* What you need to do: Would you return, word for word, the lines of the data below from the line with "Text som förklarar" through the line with "We're Adding Little", and no others?

Start of Input

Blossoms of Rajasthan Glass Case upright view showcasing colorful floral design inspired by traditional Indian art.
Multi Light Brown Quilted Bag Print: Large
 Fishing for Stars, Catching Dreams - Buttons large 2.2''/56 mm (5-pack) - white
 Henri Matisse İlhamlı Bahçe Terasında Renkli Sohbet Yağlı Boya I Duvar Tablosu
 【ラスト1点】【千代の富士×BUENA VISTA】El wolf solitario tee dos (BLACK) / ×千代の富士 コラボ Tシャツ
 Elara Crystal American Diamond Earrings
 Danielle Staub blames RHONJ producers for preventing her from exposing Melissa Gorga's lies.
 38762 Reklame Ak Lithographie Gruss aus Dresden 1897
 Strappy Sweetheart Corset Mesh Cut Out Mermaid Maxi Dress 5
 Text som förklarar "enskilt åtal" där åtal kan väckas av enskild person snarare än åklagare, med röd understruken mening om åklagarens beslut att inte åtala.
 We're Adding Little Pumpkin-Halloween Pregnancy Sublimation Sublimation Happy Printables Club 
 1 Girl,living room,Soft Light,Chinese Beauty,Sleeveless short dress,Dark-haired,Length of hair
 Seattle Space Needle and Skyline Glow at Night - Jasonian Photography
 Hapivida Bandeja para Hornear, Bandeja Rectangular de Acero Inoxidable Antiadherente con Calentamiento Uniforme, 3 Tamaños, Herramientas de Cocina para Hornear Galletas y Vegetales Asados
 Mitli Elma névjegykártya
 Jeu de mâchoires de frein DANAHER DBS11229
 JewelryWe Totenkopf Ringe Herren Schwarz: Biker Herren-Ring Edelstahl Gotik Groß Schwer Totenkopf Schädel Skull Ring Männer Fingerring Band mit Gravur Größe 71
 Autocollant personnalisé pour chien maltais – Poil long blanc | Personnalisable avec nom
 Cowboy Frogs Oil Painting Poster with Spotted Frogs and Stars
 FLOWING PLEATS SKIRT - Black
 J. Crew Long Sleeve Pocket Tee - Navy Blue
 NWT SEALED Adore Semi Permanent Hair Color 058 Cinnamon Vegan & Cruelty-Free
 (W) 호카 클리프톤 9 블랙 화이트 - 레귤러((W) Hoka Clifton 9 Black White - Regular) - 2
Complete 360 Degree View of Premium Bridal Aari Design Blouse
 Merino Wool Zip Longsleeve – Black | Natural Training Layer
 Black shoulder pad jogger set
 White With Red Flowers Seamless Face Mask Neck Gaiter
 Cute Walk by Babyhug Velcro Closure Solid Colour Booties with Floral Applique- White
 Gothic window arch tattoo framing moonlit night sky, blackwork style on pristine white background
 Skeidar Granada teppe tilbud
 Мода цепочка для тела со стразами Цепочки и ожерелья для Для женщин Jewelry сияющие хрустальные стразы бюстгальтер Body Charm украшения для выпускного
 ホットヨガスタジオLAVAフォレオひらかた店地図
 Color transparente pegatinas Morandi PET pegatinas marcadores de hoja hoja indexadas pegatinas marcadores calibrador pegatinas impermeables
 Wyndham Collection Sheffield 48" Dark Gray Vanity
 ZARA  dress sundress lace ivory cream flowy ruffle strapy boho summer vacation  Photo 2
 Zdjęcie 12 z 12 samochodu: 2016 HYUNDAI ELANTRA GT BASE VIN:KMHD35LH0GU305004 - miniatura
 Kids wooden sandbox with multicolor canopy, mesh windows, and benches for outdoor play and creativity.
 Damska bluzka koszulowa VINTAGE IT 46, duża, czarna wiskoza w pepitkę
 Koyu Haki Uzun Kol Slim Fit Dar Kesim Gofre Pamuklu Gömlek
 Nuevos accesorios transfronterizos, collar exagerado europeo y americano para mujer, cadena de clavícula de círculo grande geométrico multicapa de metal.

End of Input

* Response area:
 Text som förklarar "enskilt åtal" där åtal kan väckas av enskild person snarare än åklagare, med röd understruken mening om åklagarens beslut att inte åtala.
 We're Adding Little Pumpkin-Halloween Pregnancy Sublimation Sublimation Happy Printables Club 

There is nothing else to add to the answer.